(Scraped caption text data)
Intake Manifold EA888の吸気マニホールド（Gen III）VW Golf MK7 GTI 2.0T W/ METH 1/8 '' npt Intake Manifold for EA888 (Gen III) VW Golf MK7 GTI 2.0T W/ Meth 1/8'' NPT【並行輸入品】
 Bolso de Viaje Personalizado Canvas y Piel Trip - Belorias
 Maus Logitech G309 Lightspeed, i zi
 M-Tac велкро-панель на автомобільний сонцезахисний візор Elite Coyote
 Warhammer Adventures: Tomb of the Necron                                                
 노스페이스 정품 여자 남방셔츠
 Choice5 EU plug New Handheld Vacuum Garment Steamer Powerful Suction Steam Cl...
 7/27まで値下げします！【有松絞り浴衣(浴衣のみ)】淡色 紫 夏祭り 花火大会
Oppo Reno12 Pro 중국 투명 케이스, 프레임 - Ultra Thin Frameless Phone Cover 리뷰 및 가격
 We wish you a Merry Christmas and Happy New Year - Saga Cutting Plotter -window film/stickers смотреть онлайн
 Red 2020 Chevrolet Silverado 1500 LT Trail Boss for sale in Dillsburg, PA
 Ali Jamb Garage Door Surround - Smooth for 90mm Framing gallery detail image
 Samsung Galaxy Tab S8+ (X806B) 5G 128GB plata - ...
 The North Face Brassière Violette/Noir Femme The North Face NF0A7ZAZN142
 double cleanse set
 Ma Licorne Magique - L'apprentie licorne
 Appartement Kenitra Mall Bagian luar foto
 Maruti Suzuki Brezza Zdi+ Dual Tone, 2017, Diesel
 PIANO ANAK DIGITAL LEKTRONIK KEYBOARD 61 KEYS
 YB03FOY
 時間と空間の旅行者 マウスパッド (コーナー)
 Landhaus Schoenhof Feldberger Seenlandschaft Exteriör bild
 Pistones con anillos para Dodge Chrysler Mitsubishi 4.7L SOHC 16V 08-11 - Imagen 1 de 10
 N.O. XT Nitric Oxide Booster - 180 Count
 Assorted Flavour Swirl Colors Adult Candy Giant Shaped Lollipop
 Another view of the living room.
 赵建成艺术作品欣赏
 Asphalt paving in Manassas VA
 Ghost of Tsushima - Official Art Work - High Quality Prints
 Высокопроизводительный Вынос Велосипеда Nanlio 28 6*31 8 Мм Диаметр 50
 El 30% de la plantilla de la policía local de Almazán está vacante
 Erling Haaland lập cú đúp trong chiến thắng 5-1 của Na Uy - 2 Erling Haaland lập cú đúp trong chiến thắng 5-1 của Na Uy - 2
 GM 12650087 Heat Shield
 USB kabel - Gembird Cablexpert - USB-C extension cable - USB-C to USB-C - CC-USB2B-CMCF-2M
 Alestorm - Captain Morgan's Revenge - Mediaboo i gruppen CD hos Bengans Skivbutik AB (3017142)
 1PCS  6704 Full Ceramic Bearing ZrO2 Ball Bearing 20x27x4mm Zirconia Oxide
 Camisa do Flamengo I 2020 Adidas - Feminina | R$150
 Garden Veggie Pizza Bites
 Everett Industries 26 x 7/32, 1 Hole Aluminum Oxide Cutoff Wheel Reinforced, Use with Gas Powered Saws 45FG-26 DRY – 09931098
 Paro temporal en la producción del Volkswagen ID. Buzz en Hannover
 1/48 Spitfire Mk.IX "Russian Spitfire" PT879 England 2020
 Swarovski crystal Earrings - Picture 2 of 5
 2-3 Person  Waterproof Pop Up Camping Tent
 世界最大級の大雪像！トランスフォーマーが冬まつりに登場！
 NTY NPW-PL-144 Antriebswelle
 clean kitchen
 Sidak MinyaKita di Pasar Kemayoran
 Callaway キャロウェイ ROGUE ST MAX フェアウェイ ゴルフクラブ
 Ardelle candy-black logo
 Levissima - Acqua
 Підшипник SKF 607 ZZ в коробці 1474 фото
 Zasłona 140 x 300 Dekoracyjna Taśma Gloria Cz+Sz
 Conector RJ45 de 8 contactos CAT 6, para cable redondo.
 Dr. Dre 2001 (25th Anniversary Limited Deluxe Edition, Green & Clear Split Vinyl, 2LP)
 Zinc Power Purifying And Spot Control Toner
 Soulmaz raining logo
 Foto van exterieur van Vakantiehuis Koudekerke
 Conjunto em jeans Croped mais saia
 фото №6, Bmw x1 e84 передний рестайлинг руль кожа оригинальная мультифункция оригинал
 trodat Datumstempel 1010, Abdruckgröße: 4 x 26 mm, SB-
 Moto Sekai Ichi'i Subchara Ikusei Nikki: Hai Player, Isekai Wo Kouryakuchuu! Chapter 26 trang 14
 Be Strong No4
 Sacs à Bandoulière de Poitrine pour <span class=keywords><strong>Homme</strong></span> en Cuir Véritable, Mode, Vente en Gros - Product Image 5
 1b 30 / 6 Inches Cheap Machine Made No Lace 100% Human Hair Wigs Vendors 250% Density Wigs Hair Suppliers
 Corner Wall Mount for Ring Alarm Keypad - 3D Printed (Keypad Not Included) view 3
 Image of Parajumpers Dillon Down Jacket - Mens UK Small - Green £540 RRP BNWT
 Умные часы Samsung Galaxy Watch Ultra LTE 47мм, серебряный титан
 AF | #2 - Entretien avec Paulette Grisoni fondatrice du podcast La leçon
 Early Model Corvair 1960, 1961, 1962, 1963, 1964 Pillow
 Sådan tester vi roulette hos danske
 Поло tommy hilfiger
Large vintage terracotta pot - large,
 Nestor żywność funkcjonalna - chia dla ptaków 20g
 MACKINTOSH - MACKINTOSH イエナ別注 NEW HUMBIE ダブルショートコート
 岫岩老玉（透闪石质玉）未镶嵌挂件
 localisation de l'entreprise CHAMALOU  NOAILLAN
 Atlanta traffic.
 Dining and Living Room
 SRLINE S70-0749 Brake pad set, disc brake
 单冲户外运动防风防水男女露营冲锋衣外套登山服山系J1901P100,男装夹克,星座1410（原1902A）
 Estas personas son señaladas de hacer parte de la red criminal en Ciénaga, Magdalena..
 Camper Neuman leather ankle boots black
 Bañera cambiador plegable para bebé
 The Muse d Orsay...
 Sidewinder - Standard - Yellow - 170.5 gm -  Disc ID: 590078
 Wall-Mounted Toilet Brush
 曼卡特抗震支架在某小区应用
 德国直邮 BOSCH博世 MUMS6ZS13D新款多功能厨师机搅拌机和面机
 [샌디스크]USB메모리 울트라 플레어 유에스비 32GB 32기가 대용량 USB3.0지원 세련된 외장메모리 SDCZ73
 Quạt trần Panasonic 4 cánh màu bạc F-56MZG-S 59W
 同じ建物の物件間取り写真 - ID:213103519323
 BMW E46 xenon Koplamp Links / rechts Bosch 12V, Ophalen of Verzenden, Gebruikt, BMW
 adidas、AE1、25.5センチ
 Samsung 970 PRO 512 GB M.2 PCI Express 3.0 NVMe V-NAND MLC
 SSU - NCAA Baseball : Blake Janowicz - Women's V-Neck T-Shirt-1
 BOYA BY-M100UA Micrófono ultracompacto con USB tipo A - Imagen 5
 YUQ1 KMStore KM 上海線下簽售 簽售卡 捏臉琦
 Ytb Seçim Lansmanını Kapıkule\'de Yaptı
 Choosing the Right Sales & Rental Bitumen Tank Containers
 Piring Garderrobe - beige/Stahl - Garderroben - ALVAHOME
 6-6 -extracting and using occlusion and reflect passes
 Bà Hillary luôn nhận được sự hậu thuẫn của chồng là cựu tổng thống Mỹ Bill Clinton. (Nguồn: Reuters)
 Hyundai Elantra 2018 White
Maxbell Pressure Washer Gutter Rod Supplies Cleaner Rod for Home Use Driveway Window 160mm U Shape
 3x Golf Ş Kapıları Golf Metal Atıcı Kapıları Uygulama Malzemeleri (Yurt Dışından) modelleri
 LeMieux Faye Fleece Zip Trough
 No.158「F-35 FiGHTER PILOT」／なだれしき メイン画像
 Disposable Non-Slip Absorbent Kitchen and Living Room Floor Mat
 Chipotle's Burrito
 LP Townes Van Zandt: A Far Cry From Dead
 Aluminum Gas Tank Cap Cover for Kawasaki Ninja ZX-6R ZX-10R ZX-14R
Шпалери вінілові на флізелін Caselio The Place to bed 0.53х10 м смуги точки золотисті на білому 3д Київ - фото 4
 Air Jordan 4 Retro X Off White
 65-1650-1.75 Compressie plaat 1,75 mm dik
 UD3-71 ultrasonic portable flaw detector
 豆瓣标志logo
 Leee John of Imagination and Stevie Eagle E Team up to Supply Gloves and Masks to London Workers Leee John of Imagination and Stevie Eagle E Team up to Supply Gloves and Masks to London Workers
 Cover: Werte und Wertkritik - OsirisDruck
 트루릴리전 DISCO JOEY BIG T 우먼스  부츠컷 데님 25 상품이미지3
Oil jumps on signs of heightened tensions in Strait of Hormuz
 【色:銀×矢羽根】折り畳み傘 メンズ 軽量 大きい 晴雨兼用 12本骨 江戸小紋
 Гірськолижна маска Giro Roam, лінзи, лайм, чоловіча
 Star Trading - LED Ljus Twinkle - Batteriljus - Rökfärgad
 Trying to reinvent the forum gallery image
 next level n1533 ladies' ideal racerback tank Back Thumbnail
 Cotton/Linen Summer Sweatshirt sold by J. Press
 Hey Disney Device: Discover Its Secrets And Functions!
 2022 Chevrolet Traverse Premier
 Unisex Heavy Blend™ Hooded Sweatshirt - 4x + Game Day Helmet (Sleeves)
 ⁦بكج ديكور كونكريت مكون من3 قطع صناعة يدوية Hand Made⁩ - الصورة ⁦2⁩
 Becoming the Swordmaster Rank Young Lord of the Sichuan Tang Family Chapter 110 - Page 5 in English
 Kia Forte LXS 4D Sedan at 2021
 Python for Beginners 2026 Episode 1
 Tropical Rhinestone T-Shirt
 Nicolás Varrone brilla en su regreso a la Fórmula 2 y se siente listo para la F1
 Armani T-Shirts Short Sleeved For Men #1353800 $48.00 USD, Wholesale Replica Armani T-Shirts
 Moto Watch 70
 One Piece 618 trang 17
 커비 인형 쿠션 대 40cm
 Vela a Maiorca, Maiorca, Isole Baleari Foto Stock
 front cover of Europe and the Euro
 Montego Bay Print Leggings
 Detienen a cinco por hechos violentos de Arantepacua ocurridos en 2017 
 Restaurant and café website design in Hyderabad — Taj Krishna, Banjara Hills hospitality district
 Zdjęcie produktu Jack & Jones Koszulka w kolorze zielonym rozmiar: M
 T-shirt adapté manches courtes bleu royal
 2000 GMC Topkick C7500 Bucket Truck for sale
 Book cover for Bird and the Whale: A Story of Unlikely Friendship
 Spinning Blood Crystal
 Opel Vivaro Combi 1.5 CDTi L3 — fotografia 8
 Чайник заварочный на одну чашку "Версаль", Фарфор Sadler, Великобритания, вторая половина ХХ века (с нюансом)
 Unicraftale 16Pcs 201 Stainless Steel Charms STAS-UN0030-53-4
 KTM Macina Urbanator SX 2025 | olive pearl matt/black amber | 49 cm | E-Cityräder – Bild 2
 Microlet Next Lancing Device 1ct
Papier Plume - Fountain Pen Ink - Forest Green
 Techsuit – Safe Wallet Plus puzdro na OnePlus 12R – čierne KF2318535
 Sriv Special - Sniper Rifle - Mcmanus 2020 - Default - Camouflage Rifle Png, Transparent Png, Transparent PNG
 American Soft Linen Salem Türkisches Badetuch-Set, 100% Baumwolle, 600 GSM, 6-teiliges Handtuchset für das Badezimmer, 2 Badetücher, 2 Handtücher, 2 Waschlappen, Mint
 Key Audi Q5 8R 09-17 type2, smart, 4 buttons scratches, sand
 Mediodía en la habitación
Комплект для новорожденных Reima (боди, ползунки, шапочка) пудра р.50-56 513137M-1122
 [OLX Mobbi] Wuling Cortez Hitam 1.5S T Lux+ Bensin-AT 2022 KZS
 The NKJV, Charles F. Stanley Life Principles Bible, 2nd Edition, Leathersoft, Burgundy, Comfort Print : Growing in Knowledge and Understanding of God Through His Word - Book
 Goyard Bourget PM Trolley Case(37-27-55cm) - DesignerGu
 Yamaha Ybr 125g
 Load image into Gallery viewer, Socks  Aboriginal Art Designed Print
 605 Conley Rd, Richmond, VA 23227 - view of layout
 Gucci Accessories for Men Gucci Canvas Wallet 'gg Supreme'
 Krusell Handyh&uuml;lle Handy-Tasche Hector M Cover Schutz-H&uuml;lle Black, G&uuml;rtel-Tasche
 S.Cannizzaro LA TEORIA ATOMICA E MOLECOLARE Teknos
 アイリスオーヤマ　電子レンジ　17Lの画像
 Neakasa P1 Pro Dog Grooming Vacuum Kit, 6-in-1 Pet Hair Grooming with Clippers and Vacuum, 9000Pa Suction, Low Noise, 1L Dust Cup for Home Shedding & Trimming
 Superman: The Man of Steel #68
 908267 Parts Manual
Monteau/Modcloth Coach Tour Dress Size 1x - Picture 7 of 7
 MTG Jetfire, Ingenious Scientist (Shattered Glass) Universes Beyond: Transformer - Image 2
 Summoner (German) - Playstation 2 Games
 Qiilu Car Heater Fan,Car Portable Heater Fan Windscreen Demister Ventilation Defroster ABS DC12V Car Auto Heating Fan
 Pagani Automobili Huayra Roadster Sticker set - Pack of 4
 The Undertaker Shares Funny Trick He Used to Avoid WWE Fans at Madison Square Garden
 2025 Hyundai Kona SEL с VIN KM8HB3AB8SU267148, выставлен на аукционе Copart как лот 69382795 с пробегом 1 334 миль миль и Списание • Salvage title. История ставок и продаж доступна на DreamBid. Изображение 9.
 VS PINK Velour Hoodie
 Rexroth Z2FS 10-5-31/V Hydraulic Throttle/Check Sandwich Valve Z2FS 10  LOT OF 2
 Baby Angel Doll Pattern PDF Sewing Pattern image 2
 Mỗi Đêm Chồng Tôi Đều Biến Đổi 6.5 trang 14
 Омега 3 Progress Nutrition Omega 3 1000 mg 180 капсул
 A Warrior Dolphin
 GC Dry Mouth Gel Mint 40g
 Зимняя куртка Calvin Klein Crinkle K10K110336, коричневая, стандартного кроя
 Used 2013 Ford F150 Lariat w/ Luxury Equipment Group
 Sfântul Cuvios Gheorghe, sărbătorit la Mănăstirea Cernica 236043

-- What to produce --
Please write out exactly the line containing "908267 Parts Manual" and every line after it through the end of the records, nothing more.

-- Output for this exercise --
 908267 Parts Manual
Monteau/Modcloth Coach Tour Dress Size 1x - Picture 7 of 7
 MTG Jetfire, Ingenious Scientist (Shattered Glass) Universes Beyond: Transformer - Image 2
 Summoner (German) - Playstation 2 Games
 Qiilu Car Heater Fan,Car Portable Heater Fan Windscreen Demister Ventilation Defroster ABS DC12V Car Auto Heating Fan
 Pagani Automobili Huayra Roadster Sticker set - Pack of 4
 The Undertaker Shares Funny Trick He Used to Avoid WWE Fans at Madison Square Garden
 2025 Hyundai Kona SEL с VIN KM8HB3AB8SU267148, выставлен на аукционе Copart как лот 69382795 с пробегом 1 334 миль миль и Списание • Salvage title. История ставок и продаж доступна на DreamBid. Изображение 9.
 VS PINK Velour Hoodie
 Rexroth Z2FS 10-5-31/V Hydraulic Throttle/Check Sandwich Valve Z2FS 10  LOT OF 2
 Baby Angel Doll Pattern PDF Sewing Pattern image 2
 Mỗi Đêm Chồng Tôi Đều Biến Đổi 6.5 trang 14
 Омега 3 Progress Nutrition Omega 3 1000 mg 180 капсул
 A Warrior Dolphin
 GC Dry Mouth Gel Mint 40g
 Зимняя куртка Calvin Klein Crinkle K10K110336, коричневая, стандартного кроя
 Used 2013 Ford F150 Lariat w/ Luxury Equipment Group
 Sfântul Cuvios Gheorghe, sărbătorit la Mănăstirea Cernica 236043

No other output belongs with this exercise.